Le début de 1942 apporta son lot de changements à Timely. La mobilisation exigea son dû sur le personnel de Timely, de même qu’auprès de toutes les autres compagnies de comics. Timely perdit, entre autres, Joe Simon, Jack Kirby, Bill Everett et Carl Burgos, alors que Stan Lee se portait volontaire pour rejoindre l’armée.
Cependant, Timely ne laissa pas cela ralentir ses activités et
engagea plus de personnel et étendit sa ligne de publications.
Goodman, conscient du succès que Dell Publishing connaissait
avec leurs adaptations en comics des personnages des dessins animés
de Disney, décida d’étendre ses activités
dans le genre humoristique. Joker Comics # 1 et Comedy
Comics # 9 (le magazine avait été jusque làDaring Mystery Comics) apparurent en début d’année
(il est difficile de dire exactement quand, ce qui est
malheureusement le cas avec de nombreux comics du Golden Age ;
Joker et Comedy portaient tous les deux la date d’avril
sur leur couverture mais cela signifie simplement qu’ils furent
sur les stands entre janvier et mars). Les deux revues se révélèrent
populaires, l’humour étant un bon marché
d’expansion à l’époque. Joker Comics,
en plus d’être un comics classique de comédie,
avait un autre atout majeur : Basil Wolverton. Wolverton, un
artiste doté d’un énorme talent, avait effectué
d’autres travaux pour Timely, dont « Rockman »
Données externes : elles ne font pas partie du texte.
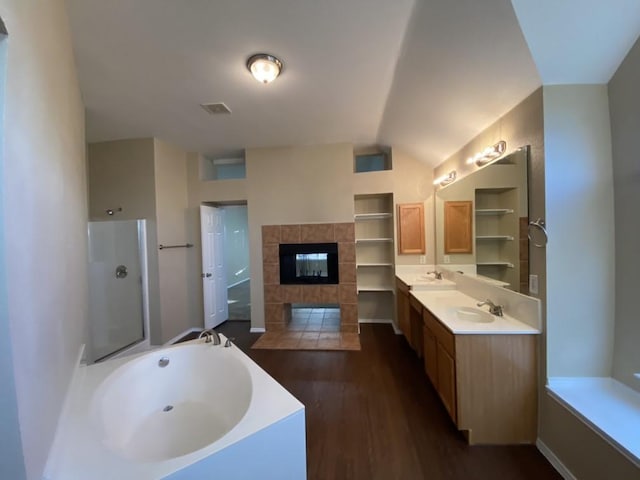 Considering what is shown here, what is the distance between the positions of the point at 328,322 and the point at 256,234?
1.94 meters

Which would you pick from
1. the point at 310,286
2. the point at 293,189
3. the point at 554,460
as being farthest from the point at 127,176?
the point at 554,460

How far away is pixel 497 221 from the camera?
2336mm

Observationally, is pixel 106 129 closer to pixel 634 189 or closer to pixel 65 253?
A: pixel 65 253

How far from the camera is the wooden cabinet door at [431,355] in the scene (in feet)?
7.66

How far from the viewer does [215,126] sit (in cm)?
331

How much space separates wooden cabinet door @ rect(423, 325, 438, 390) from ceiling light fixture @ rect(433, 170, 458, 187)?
1.86 meters

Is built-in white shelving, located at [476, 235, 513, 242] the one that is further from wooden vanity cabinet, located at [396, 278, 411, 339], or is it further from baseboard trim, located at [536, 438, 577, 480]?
baseboard trim, located at [536, 438, 577, 480]

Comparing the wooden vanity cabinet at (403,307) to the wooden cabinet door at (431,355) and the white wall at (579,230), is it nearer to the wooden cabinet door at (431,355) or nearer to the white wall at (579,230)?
the wooden cabinet door at (431,355)

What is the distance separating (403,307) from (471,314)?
4.17 feet

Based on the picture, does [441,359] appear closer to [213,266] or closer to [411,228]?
[411,228]

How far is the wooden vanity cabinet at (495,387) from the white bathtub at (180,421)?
1.25 metres

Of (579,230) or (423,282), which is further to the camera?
(423,282)

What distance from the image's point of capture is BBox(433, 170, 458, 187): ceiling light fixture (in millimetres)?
3225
pour USA Comics, mais son point fort était l’humour,
comme il allait le montrer plus tard dans Mad Magazine, entre
autres lieux. Joker Comics fut la revue où Wolverton
commença à produire des histoires humoristiques de
manière régulière (il avait fait « Disk-Eyes
the Detective » pour Circus the Comic Riot de
United Feature Syndicate au début de 1938 et avait glissé
Diks-Eyes dans un numéro de USA Comics, mais sinon
avait réalisé des strips de science-fiction comme
« Spacehawk »). Wolverton commença, dans
Joker, avec « Powerhouse Pepper » qui
allait devenir son personnage le plus populaire et son favori.
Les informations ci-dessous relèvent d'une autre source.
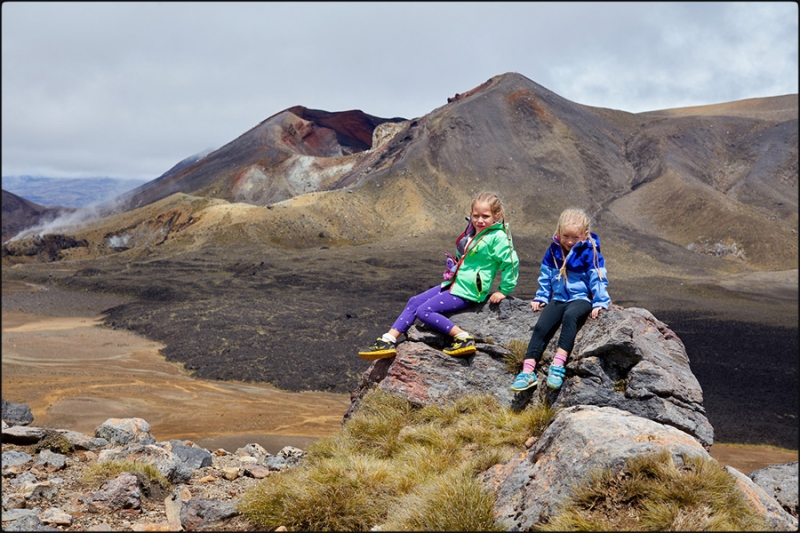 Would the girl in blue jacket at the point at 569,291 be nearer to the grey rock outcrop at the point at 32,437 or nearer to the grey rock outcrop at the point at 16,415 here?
the grey rock outcrop at the point at 32,437

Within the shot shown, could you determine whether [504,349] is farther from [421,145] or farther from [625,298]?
[421,145]

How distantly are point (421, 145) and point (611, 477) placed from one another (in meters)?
67.5

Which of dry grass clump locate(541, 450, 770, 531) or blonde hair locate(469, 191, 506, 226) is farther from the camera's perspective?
blonde hair locate(469, 191, 506, 226)

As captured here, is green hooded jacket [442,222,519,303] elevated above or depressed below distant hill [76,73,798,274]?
below

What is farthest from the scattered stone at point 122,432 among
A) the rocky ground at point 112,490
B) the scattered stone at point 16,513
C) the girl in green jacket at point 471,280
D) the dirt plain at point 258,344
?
the girl in green jacket at point 471,280

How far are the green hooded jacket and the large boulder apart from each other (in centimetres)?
24

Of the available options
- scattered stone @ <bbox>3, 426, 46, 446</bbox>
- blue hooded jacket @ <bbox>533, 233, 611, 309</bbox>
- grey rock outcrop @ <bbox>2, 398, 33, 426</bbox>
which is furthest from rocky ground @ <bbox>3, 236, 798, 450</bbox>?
blue hooded jacket @ <bbox>533, 233, 611, 309</bbox>

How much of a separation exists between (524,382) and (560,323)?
58 cm

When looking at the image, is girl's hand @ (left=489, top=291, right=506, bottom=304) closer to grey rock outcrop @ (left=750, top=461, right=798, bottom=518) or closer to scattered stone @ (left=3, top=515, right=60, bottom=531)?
scattered stone @ (left=3, top=515, right=60, bottom=531)

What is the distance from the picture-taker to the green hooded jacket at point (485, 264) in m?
4.73

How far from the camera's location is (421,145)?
2677 inches

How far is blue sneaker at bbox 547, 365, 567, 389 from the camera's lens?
3.91 metres

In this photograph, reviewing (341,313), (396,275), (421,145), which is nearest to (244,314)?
(341,313)

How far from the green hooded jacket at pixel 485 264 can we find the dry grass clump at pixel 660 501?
86.7 inches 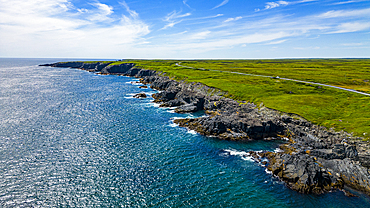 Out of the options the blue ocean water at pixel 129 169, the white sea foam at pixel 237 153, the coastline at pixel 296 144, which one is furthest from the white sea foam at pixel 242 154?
the coastline at pixel 296 144

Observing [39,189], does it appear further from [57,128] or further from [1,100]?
[1,100]

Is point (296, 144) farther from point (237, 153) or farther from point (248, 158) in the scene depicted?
point (237, 153)

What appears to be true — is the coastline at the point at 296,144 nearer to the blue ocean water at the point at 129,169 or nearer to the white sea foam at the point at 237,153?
the white sea foam at the point at 237,153

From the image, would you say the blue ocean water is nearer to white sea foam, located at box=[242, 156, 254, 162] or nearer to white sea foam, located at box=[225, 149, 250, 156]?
white sea foam, located at box=[225, 149, 250, 156]

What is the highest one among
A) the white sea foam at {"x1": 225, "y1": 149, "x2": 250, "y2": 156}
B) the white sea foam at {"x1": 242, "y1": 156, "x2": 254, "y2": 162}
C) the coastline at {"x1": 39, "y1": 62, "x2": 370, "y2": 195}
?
the coastline at {"x1": 39, "y1": 62, "x2": 370, "y2": 195}

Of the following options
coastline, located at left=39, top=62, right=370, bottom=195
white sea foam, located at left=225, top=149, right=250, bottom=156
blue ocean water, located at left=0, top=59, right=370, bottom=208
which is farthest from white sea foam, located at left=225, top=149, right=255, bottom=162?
coastline, located at left=39, top=62, right=370, bottom=195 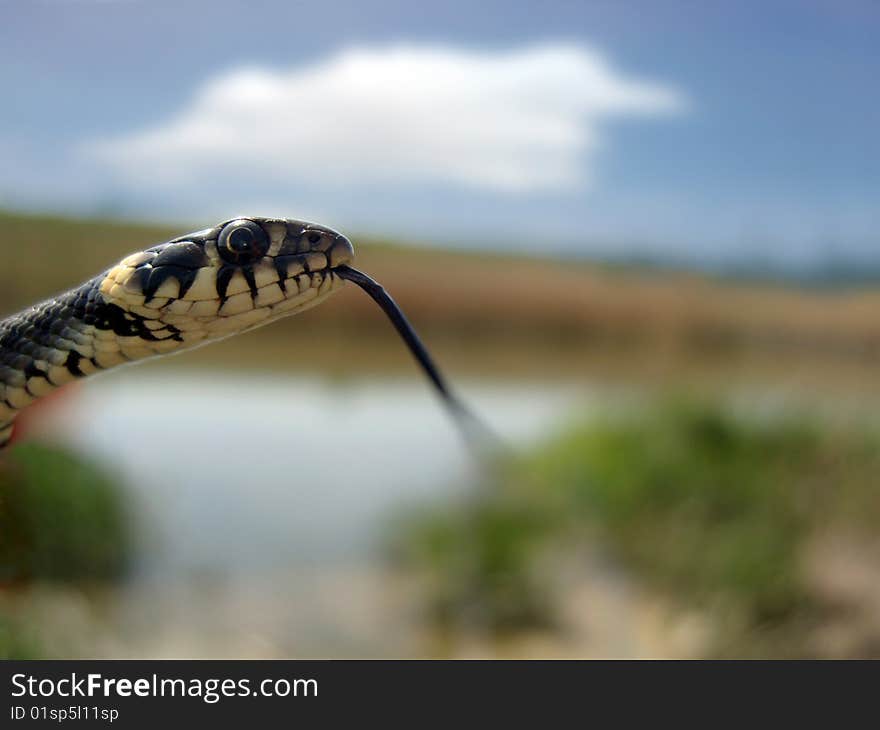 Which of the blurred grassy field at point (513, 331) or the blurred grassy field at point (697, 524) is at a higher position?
the blurred grassy field at point (513, 331)

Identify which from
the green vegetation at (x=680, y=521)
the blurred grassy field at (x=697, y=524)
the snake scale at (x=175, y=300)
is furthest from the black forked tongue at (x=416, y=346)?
the green vegetation at (x=680, y=521)

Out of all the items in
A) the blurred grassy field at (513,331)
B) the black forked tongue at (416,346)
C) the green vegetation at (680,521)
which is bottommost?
the black forked tongue at (416,346)

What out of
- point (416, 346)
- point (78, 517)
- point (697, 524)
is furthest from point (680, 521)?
point (416, 346)

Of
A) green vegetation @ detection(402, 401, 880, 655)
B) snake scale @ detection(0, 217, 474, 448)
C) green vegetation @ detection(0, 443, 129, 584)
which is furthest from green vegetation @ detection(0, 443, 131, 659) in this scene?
snake scale @ detection(0, 217, 474, 448)

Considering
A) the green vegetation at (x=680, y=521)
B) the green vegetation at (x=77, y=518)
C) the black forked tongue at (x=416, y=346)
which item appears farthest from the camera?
the green vegetation at (x=680, y=521)

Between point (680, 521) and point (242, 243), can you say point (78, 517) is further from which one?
point (242, 243)

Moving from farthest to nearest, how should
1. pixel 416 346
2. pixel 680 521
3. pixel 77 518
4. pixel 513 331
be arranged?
1. pixel 513 331
2. pixel 680 521
3. pixel 77 518
4. pixel 416 346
Powerhouse Pepper était un strip drôle et son humour
continue à fonctionner même de nos
jours. Wolverton inclut également, dans Joker Comics # 1, son personnage Stuporman, de Daring
Mystery ; Stuporman était une amusante satire de Superman. Dans les numéros ultérieurs de Joker,
des personnages comme Tessie the Typist et Millie the Model firent leurs débuts ; toutes les deux furent extrêmement populaires après la guerre. Et Joker, après quelques numéros, bénéficia
aussi du travail d’un autre immortel des comics : Harvey
Kurtzman. Comedy Comics commença comme un comics de
super-héros ; le numéro 9 de la série
présentait the Fin, Silver Sable de Harry Sahle, Citizen V de
Ben Thompson et Captain Daring. Mais il contenait aussi une satire
d’Hitler et de Staline, ainsi que « Splash Morgan »
de Wolverton, un strip humoristique de science-fiction. Et ce même
numéro 9 vit la première apparition de Comedy Kid, qui
allait devenir un héros récurrent de Comedy. Le
magazine se consacra rapidement et exclusivement à des
histoires humoristiques, Stuporman faisant une autre apparition, et
Kurtzman dessinant également dans ce magazine. Finalement,
Comedy Comics, dans son numéro 14 (avec une couverture
datée de mars 1943), présenta pour la première
Super Rabbit, un personnage qui allait devenir plutôt
importante pour Timely.
Timely commença par faire des comics humoristiques avec de vraies personnes, mais, au bout de quelques mois, décida de suivre la direction prise par Disney et de faire des comics humoristiques mettant en scène des animaux. En juillet, Timely commença à publier Krazy Komics, qui mettait en scène Toughy Tomcat, Silly Seal et Ziggy Pig, tous des personnages inventés par Timely ; Ziggy Pig fut réalisé par Al Jaffee, un nom qui allait plus tard devenir familier aux lecteurs de Mad Magazine. Dans le numéro 12, l’équipe entière de Timely se dessina dans une histoire ; ce n’était pas la première fois que des artistes de Timely se plaçaient eux-mêmes dans un comics. Cela avait été fait dans un des premiers numéros de Marvel Mystery, où Bill Everett et Carl Burgos étaient apparus, se disputant sur les mérites respectifs de la Torche humaine et de Namor. Et, en juin 1942, dans Marvel Mystery Comics # 34 (couverture datée d’août 1942), Everett, Burgos, Martin Goodman et les bureaux de Funnies, Incorporated apparurent dans une histoire où ils affrontèrent Hitler. Ainsi, la pratique qu’adopta Marvel au cours des années 1960, consistant à parfois placer son personnel dans les histoires, remonte à bien plus loin que cette période. Quoi qu’il en soit, Krazy Komics eut plus tard également droit à une histoire de Super Rabbit, et put aussi bénéficier de l’art de Harvey Kurtzman.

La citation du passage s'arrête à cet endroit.